La xenofobia, la última conquista del neoliberalismo.

Las elecciones del domingo en Suecia, con la evolución espectacular de la xenofobia, y los avances de la ultraderecha en Dinamarca, Austria, Polonia, Hungría sin olvidar a Italia y Holanda, el Brexit o los últimos sucesos en Alemania, obligan a abrir en canal el melón de la inmigración y abordar el problema desde todos los ángulos; no solo desde el buenismo político que no es más que el miedo a tomar decisiones duras y de supervivencia social.

Todas las aristas que tiene la inmigración pasan por afrontar el problema social,  desde el dramatismo de los migrantes y, también en parecida medida, desde la confrontación que se genera en los países de destino, donde se ve a los inmigrantes cómo culturas enfrentadas con la local tratando de persistir con sus costumbres y la musulmana , claramente, queriendo cambiar los modos de convivencia que se consiente, políticamente, bajo ese epígrafe totalizador y simplista del respeto a la multiculturalidad.

Las migraciones no solo son un drama personal sino que tienen una componente macroeconómica que explica la poca atención que merecen por parte de los políticos, de uno y otro lado de la frontera migratoria. De una parte, los emigrantes suponen una fuente de financiación para los países de emigración y de destierro, de transferencia de población activa que ayuda a maquillar las cifras del paro conteniendo la situación social y, en muchas ocasiones, evitando el estallido de violencia. Del otro, para los estados de destino, hasta ahora en que ya son problema insostenible, la llamada a inmigrantes ha sido la válvula de seguridad productiva de su economía. Salarios bajos y poco reivindicativos. ¿Qué sería de los invernaderos de Almería?
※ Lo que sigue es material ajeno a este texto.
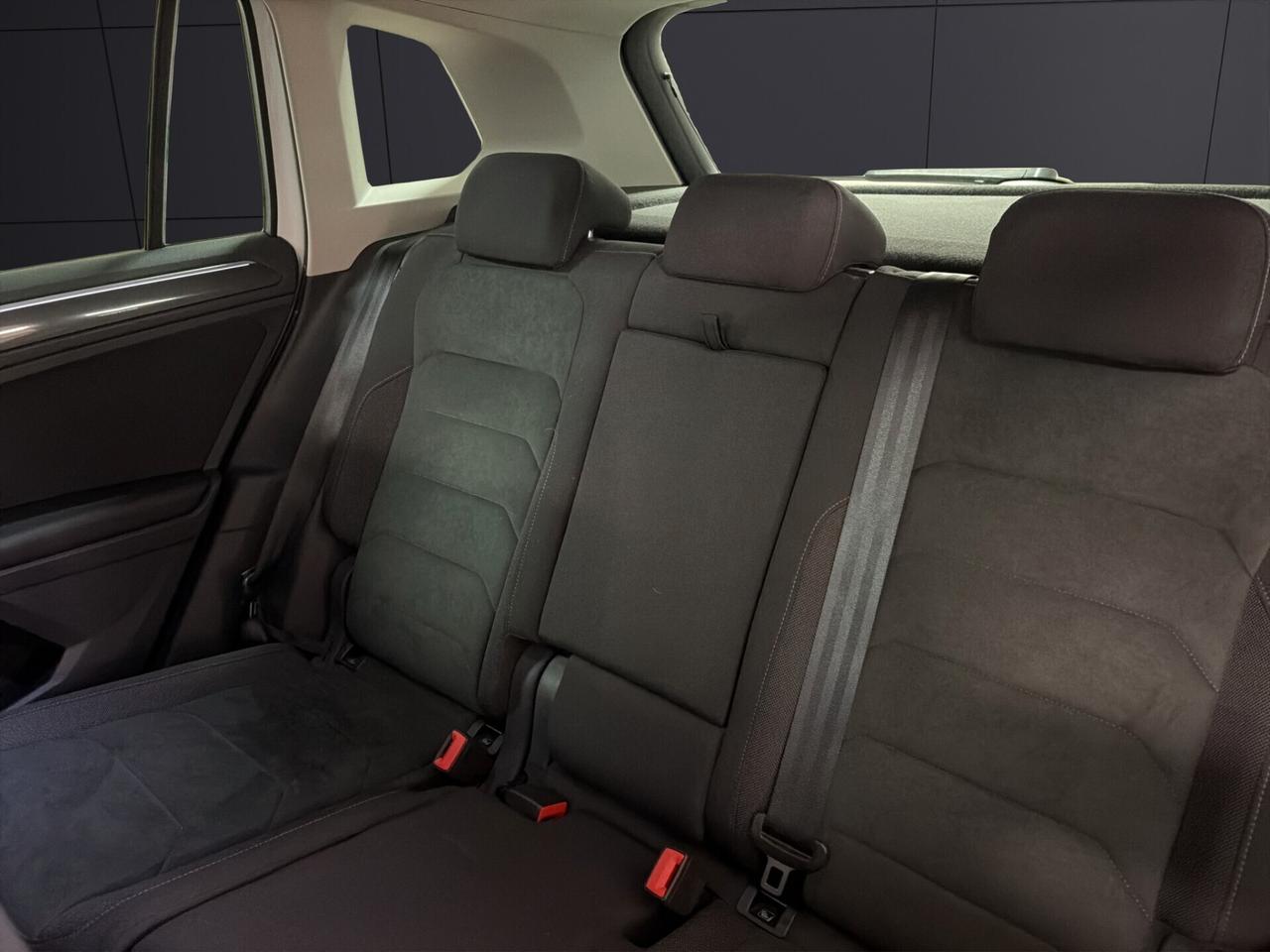 Volkswagen Tiguan 2.0 TDI 150 CV DSG ADVANCED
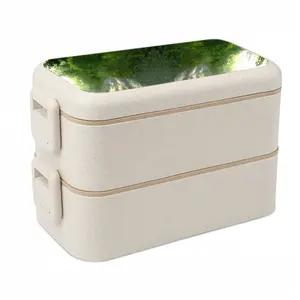 Right In The Heart Of Nature Bento Box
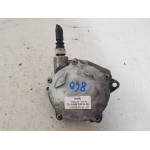 A6402300465 POMPA A VUOTO DEPRESSORE MERCEDES CLASSE B W245 2.0 D 103KW 2009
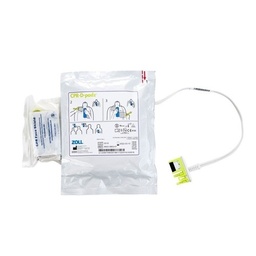Zoll AED CPR-D-Padz
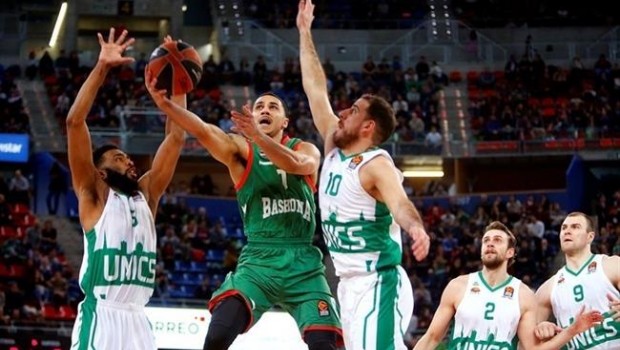 ep shane larkinbaskonia vitoria - unics kazan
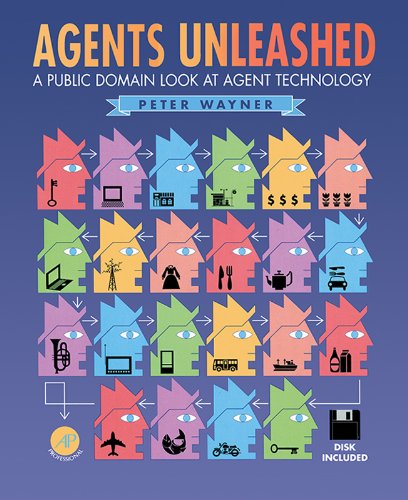 Agents Unleashed book cover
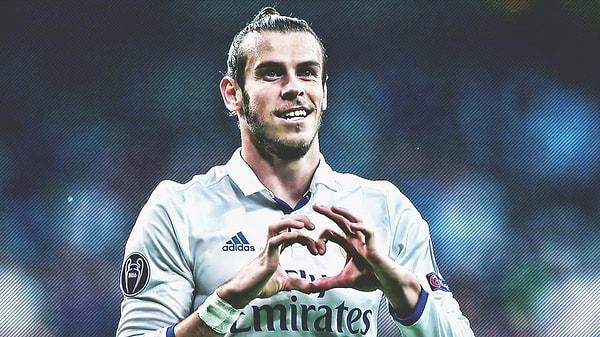 18. 2013-14: Gareth Bale - 101 Milyon Euro
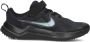 Nike Zwarte Lage Sneakers Downshifter 12 Nn (psv) - Thumbnail 4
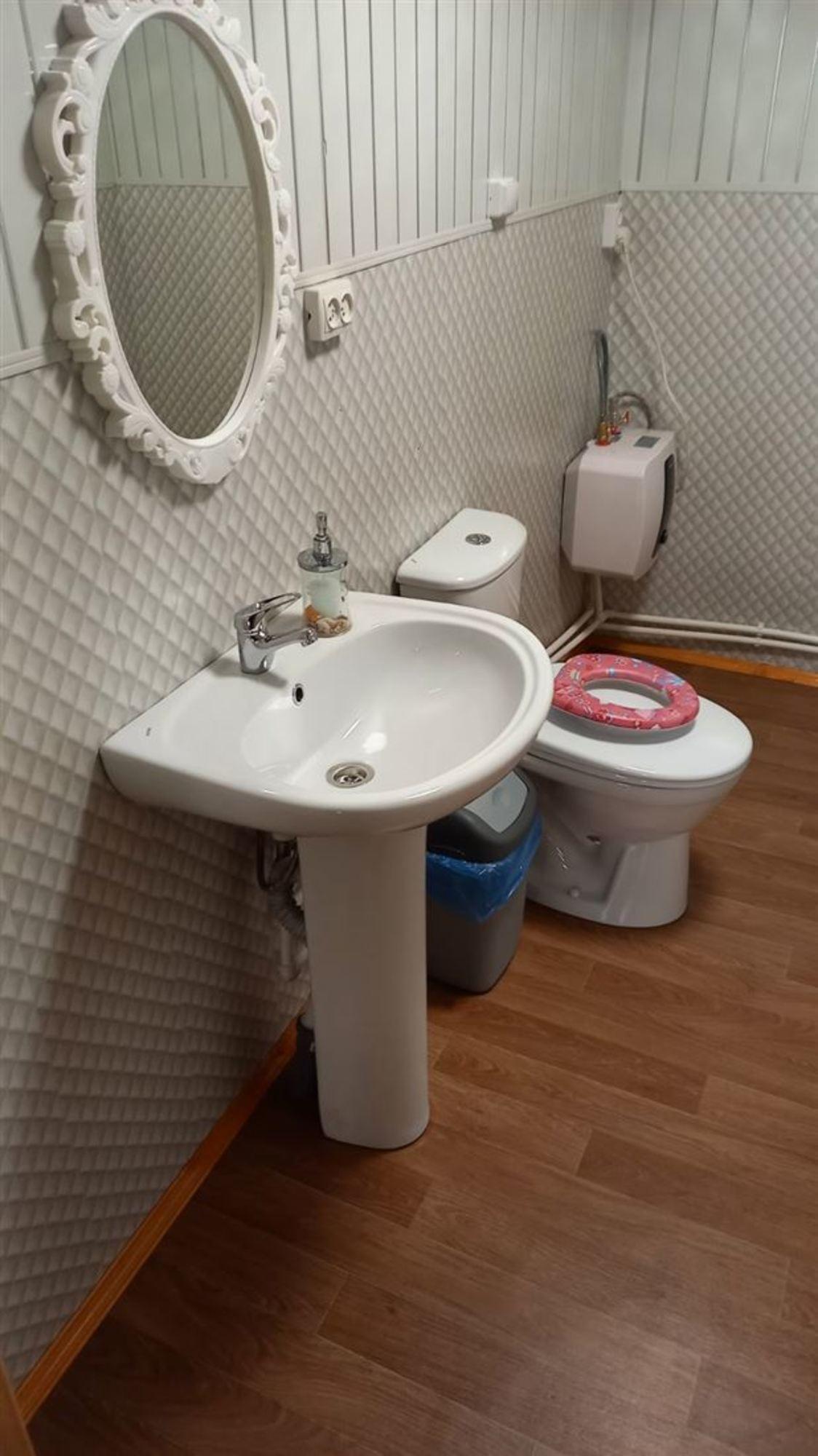 Сдать дачу, дом, коттедж за 1 200 рублей на ул Байкальская, д. 46А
El crecimiento desigual al que se refería Samir Amin, escritor político egipcio, fallecido recientemente, ponía el acento en la responsabilidad determinante de las grandes corporaciones multinacionales en el control de los mercados estratégicos y el reparto, y asignación geográfica, de la producción mundial. La economía de escala y la especialización de los países del llamado tercer mundo, a falta de un término más preciso, en monocultores agrícolas con precios sujetos a regulación mundial (sea el café, el cacao, la palma, el maíz para biocombustibles…) distorsionan las economías locales impidiendo su diversificación productiva, que sería lo adecuado para abastecer las necesidades de los mercados nacionales, y el desarrollo local. Esa dependencia económica de las grandes corporaciones convierte a los gobiernos en agentes económicos mezclándose, en el mejor de los casos, Intereses de país y conveniencias personales. Y la situación empeoró desde la generalización de la globalización financiera a través de la que se controla la actividad económica, política y social de las economías nacionales.

Y las migraciones son el componente débil de esa ecuación macroeconómica. Porque para ese neoliberalismo depredador, como se expresa en “la sociedad del rendimiento”, Sebastian Friedrich y otros (Ed. Katakra, Pamplona, 2018), las migraciones consiguen los perniciosos efectos complementarios de liberar tensión social, en economías poco desarrolladas e hiper-neoliberales, y contribuir a desestructurar sociedades maduras, precarizando el trabajo y la dignidad salarial con el riesgo serio del empobrecimiento de  la sociedad de los servicios sociales, del bienestar.

Mientras que los partidos políticos no elaboren y sustenten un discurso serio, meditado y coherente con la realidad global, sobre la inmigración más allá de forzados voluntarismos, la anti inmigración no hará más que crecer.